None of this, of course, would work if the script and the direction were not superb. But they are. Dominic Cooke’s direction of a piece that could be incomprehensible is assured and meticulous. Bruce Norris’s script, meanwhile, always knows the line between poignance and sentimentality and clearly understands the Brechtian principle that in order to truly have engaged an audience they have to laugh at the characters’ tears and cry at their laughter. Norris is even brave enough to have one character speculate on the possibility that ‘a work of dramatic intention can prick our hearts by shewing us the humanity of those depicted’ – while playing such an idea for laughs. From both writer and director, the genius of the production is to commit to the moment and its contradictions inside and outside the action.

None of this should be read, however, as though there is nothing whatsoever to criticise in this production.
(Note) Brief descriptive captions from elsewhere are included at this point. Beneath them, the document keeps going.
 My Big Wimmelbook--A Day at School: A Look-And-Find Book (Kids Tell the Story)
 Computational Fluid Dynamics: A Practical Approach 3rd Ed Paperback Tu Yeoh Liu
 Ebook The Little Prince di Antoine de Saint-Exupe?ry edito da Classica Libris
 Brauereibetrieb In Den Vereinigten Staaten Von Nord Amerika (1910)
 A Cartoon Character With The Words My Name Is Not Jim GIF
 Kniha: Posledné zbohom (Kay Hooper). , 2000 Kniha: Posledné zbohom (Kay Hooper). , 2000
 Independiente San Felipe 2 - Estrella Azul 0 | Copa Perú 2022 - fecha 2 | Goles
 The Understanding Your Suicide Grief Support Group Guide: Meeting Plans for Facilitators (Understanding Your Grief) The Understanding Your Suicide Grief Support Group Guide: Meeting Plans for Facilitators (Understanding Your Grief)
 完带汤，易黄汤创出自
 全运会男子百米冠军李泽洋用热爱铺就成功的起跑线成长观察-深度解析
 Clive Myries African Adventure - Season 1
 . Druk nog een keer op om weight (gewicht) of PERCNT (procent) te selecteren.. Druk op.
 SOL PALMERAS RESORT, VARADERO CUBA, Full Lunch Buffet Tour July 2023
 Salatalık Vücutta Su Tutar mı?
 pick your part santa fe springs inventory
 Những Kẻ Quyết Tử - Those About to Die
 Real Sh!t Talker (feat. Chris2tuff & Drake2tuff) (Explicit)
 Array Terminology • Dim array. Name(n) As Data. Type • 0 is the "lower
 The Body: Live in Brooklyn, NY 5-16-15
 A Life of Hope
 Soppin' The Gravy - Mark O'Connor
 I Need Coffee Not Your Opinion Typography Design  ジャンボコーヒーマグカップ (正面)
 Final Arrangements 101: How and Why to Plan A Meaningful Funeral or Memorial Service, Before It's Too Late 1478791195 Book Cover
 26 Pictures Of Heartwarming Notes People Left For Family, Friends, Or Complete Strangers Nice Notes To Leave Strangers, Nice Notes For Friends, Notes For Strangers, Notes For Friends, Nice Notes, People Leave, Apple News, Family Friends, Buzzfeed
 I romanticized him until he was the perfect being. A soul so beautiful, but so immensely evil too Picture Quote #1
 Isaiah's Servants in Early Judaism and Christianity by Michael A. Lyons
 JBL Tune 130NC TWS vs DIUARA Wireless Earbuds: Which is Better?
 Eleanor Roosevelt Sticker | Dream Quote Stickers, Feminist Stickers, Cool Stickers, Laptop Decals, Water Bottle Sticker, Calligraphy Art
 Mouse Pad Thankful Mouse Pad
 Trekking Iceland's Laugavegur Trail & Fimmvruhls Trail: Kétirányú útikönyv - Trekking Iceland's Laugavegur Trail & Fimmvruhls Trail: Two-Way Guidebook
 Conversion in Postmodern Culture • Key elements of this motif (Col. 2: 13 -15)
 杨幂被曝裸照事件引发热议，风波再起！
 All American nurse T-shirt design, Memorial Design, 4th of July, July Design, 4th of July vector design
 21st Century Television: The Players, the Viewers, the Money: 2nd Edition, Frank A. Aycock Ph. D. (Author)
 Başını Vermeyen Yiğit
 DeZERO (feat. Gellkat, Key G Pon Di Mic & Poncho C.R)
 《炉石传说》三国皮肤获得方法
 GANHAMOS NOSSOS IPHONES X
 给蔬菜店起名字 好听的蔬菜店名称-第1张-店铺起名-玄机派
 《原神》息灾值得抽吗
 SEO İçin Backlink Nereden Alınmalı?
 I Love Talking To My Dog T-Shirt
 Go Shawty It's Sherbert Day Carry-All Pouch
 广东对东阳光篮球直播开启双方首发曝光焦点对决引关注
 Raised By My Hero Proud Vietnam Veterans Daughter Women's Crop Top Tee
Act One is an eighteenth-century romp whose foundlings and characters could have been lifted in their richness from Henry Fielding. Act Two, however, seemed to lose its way slightly as it tried to develop the themes of race and gender that the first raised while clearly leaving them subordinate to the central economic issue – namely ‘Tis one thing to admit the inescapable cruelty of nature, friend, but quite a different one to encourage it.’ In wrestling with the issues and finding a resolution to a complex plot, the laser-guided focus of the play dissipates slightly, the storytelling and analysis slightly less securely connected.

But though it doesn’t find clear answers, and even if at times the formulation of those questions takes second place to a dramatic tour de force, The Low Road is always asking (or trying to ask) the right questions. Emerging from the Royal Court on the high that follows witnessing a piece of drama that truly engages as well as entertains, the flagship stores of designer labels that encompass Sloane Square confront the alert audience member with concrete evidence that the dilemmas of western affluence are far from resolved. Do we, in the words of one character, ‘having crashed the car once […] want to hand the keys back to the same drunken driver?’

And if we do, do we first need to ask ourselves if we are the ones who will really pay the price? Sitting outside a café off the Kings Road, my sisters and I were served (politely and cheerfully) by a young black woman who shivered beneath the company-branded fleece she wore to serve overpriced (Fairtrade?) coffee in a bitter wind. ‘If you really want to make the world a better place,’ says one unpleasant character at the beginning of Act Two, ‘first thing you gotta do is help yourself.’ Easy for him to say – but where and how do we balance the cooperative with the competitive, as the final deus ex machina puts it.The Low Road does not have the answers but should provoke a great discussion of the questions. Probably over expensive coffee on the Kings Road. And the invisible hand so fulsomely extolled by Adam Smith won’t make that.

The Low Road by Bruce Norris, directed by Dominic Cooke at the Royal Court Theatre, Sloane Square, 23 March-11 May 2013. Text published by Nick Hern Books, price £9.99.